Shout out to the folks in the chat room.
And you know what?
They called me an Emperor Tear Troll.
Thank you for the compliment.
And I think Karaskin was sad yesterday because I bought him out.
I bought Karaskin out.
I am the new Karasburgers.
So bow down, trolls.
Do you send over them?
You hear the Teutonic flag here?
Good God here.
781, Radio Graffiti.
Ghost, I'm in Austin right now.
The place is a giant slip and slide.
What the fuck, dude?
Enough.
All right.
Don't make fun of us.
We have too much rain.
I know it, for Christ's sake.
All right.
Jesus Christ.
Anyway, folks, we are about out of time of the live broadcast.

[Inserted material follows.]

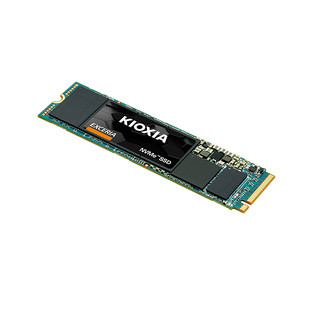 KIOXIA 铠侠 RC10 NVMe M.2 固态硬盘 500GB（PCI-E3.0）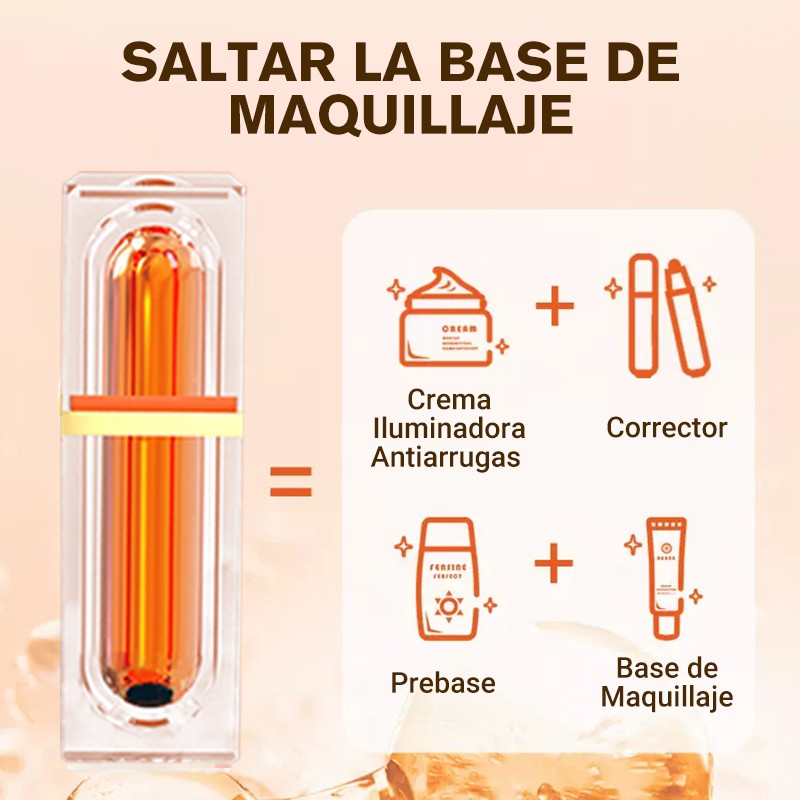 Crema Iluminadora de 5 Vitamina C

But if you want to listen to the broadcast, the post-show edition of the True Capitalist Radio Show, you need to call in at 5164539903 to be able to listen and listen into the post-show edition of the True Capitalist Radio broadcast.
All right, folks.
All right, that's all you got to do.
Give me a call, and you'll be able to listen to it.

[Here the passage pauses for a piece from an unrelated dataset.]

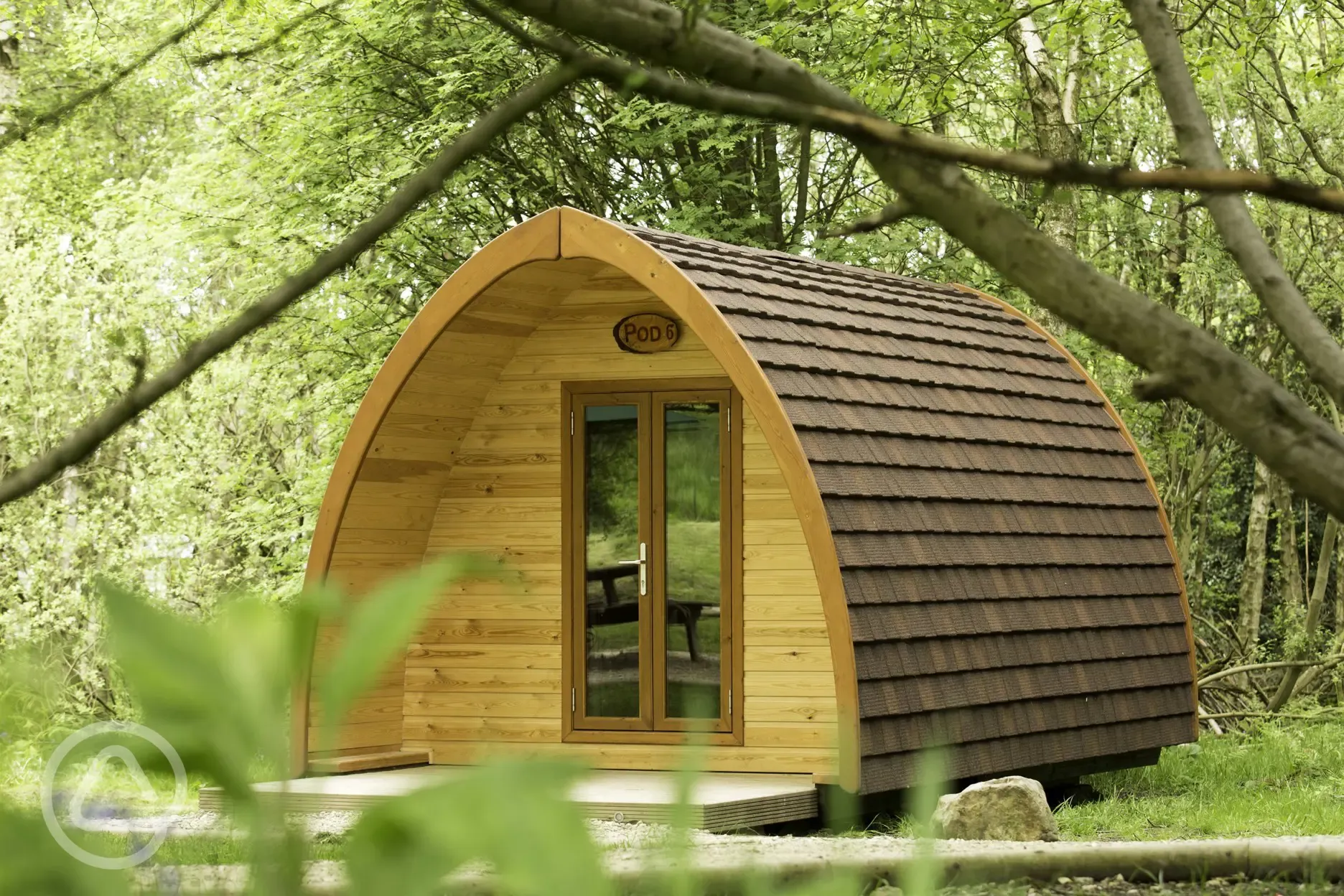 Camping pod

We're going to take a little bit of a radio graffiti.
And the reason we do this, folks, we've got a lot of podcast listeners, and we want to give them a little treat since they can't attend the live show with us.
We're live every Monday through Friday, 4 p.m. Central Standard Time.
BlogTalkRadio.com/slash Ghost is the website.
BlogTalkRadio.com/slash Ghost.
And by God, folks, follow me on Twitter.
PoliticsGhost is the name to follow.
All one word, no underscores, Politics Ghost.
I will be here tomorrow, same place, same time, 4 p.m. Central Standard Time.
Spread it around like wildfire and let everybody know that I'm in the place and I'm in the house, baby.
Spread it around.
All right, spread it around for Christ's sake, man.
Don't be a lazy prick.
Anyway, long live the capitalist army, baby.
I'm out of here.
All right, we are now in the third post-show edition hour of the True Capitalist Radio broadcast.
And of course, I am your host, the man they call Ghost, folks.
And once again, I want to thank you for tuning in with me.
I don't know if we're going to take too many radio graffiti calls.
What I've found, folks, is that a lot of people that are tuning in to the post-show edition on the phone, they necessarily don't want to partake in radio graffiti.
They want to hear the post-show commentary, so to speak.
But we'll go ahead and take a couple of radio graffiti calls right now.
All right, we got 786 Radio Graffiti.
Hey, trolls, let's get Ghost's ball trendy.
Shut up.
Shut up.
You stupid, silly bastard.
Renegade Supreme, Radio Graffiti.
It's getting creepy, guys.
Seriously.
This is really getting goddamn freaking creepy for Christ's sake.
I mean, seriously, this is getting creepy.
This is getting creepy for Christ's sake.
I mean, good God.
Let me get some more beer for Christ's sake.
More beer.
For Christ's sake.
Yeah, let me go ahead and get another beer here.
Got one right here.
Let's go ahead and open it.
There we go.
Let's go ahead and pour it in here.
That's what I'm talking about, man.
I'm going to tell you, let that foam out here, and we're going to go ahead and take some more callers.
You know what?
I'm going to do.
I'll tell you what I'm going to do.
I'm going to take a couple more callers, and then I'm going to have the classic cluster call, which I'm going to call in a bunch of different numbers.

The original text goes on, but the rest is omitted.